Девочка кивнула и вынула палец из носа.

– Беда твоя не беда, так что плакать нечего.

Женщина щёлкнула пальцами и из бидона выскочили три монетки по двадцать копеек. Женщина на них подула, они засверкали серебряными рыбками и тут же исчезли. Клава не знала, что в тот же миг одна запись из тетради должников тоже словно испарилась, как и факт покупки сметаны придурковатой Клавой из памяти продавщицы Зины.

– Чудеса еще будут, девочка, но мне нужна твоя помощь, – женщина провела рукой по затылку Клавы и притронулась к жидкой косе. Все волоски, торчащие как ость ржаного колоса, заправились в причёску. Коса налилась спелым пшеничным цветом, поплотнела. Застиранная лента обрела небесный цвет. Женщина в остроконечной шляпе отошла на пару шагов, потом за плечи повернула Клаву, точно куклу на подставке, покружила ее на месте, держа за ладошку. Ситцевое платье на девочке село по фигуре. Появились вытачки на лифе и оборка по подолу, узкие рукава превратились в «фонарики», а воротник засверкал крахмальной белизной.

Клава обрадованно кивнула. Она была согласна на такие чудеса.

– Видишь ли, Клава Нестерова, у твоей мамы есть одна вещь, которая мне очень-очень нужна. Я, разумеется, её верну, первого мая. То есть завтра. Но сегодня, тридцатого апреля, без неё мне никак не обойтись.

Клава снова кивнула и хотела сунуть палец в нос, но передумала. С такой косой и лентой ей действительно не стоило поступать некрасиво. Женщина улыбалась и Клава сказала:

– Шас прынесу. Шо принесть?

– Метлу, моя милая. Она стоит в углу вашей комнаты. С длинной ручкой.

– Эта же мамина.

– Всё верно, милая, но сегодня мама уже не пойдёт на работу, а завтра я верну метлу на прежнее место. Завтра придёшь сюда же с утра, первого мая. И я отдам метлу. Ну, как?

Клава сделала всё, о чём её попросила женщина в остроконечной зелёной шляпе.

Мама ни о чём не узнала, потому что обнаружила в бидоне не сметану, а «Жигулёвское». Целых три литра и почти без пены! С лёгкой благородной горчинкой свежего продукта. Такое только с проходной пивзавода и то не всем.

Клава целый день ходила немыслимой красавицей, даже противные девчонки из её дома не посмели подойти близко, а только шушукались в сторонке. Наутро она побежала в переулок, где её должна была ждать женщина в остроконечной зелёной шляпе.

Она там действительно стояла, с ошалелым видом, который бывает после бессонной ночи. На шляпе не осталось фиалок, подол платья был вымазан глиной, но на лице сияла довольная улыбка мартовской кошки. Она протянула Клаве метлу. Несколько «дерезовых» веточек тут же отвалились, но рукоятка блестела новой полировкой.
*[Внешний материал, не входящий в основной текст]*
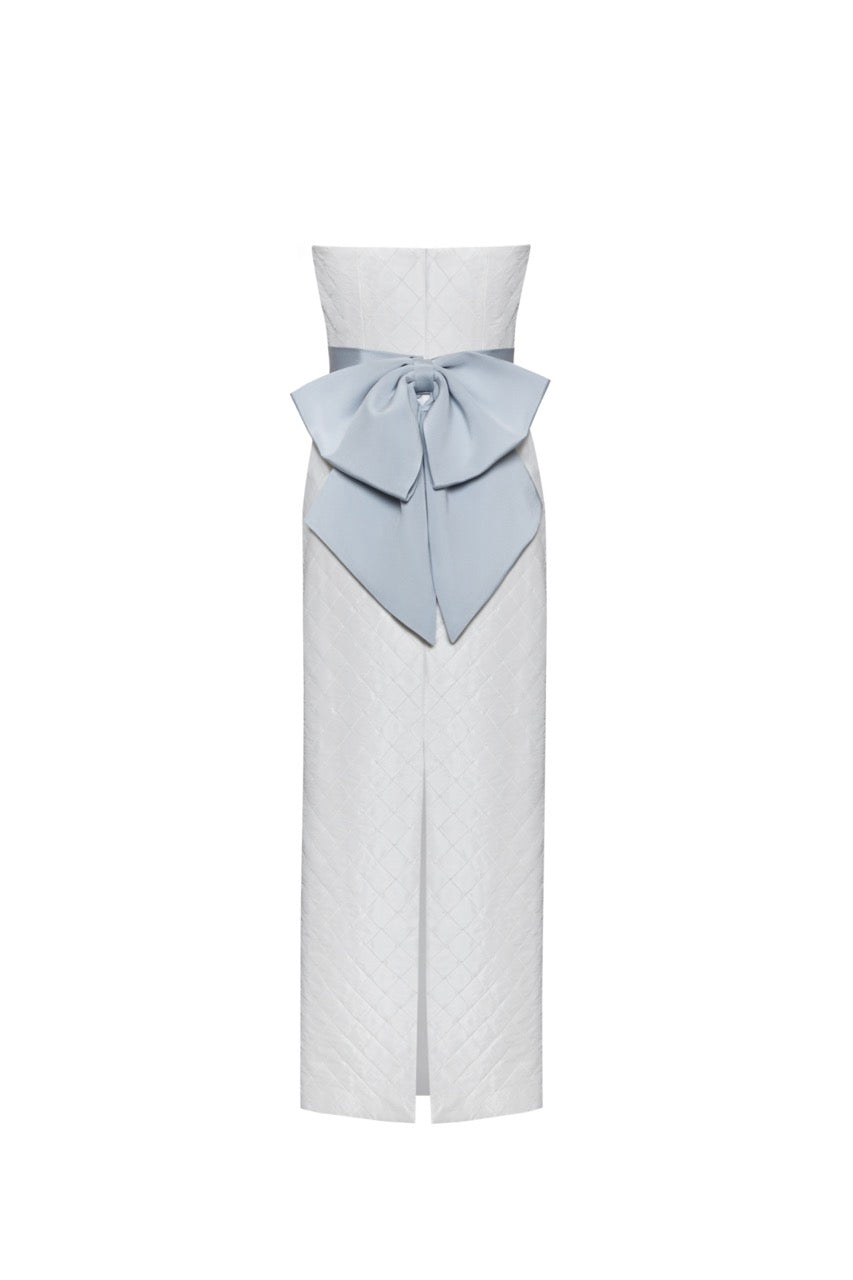 OTM Exclusive: Olivia White Silk Dress with Floral Crystal Embroidery | Over The Moon OTM Exclusive: Olivia White Silk Dress with Floral Crystal Embroidery | Over The Moon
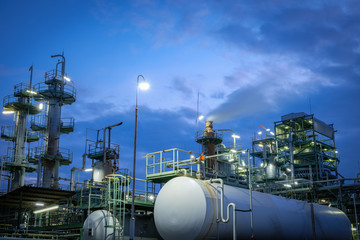 Oil Industry Refinery factory at night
– Вальпургиева ночь только раз в году, – сказала что-то непонятное для Клавы женщина и потянулась так, что подмышкой треснула клетчатая ткань её измазанного платья, – поставь метлу на прежнее место. Проси подарок.

Клава кивнула. Она не знала, что делать дальше, о чём попросить. Она никогда не видела таких женщин: довольных, расслабленных, не стесняющихся своего странного одеяния, никуда не спешащих, умеющих творить чудеса.

– Тётенька, а ты хто? – спросила Клава, но женщина засмеялась и легонько щёлкнула Клаву по кончику носа, а потом потрепала за щеку.

– Проси, чего хочешь, пока я добрая, – сказала она вместо ответа.

– А можно мине с вами? – потупившись, спросила Клава.

– А лет тебе сколько? – с сомнением спросила женщина.

Клава показала две ладошки разом, а потом ещё одну.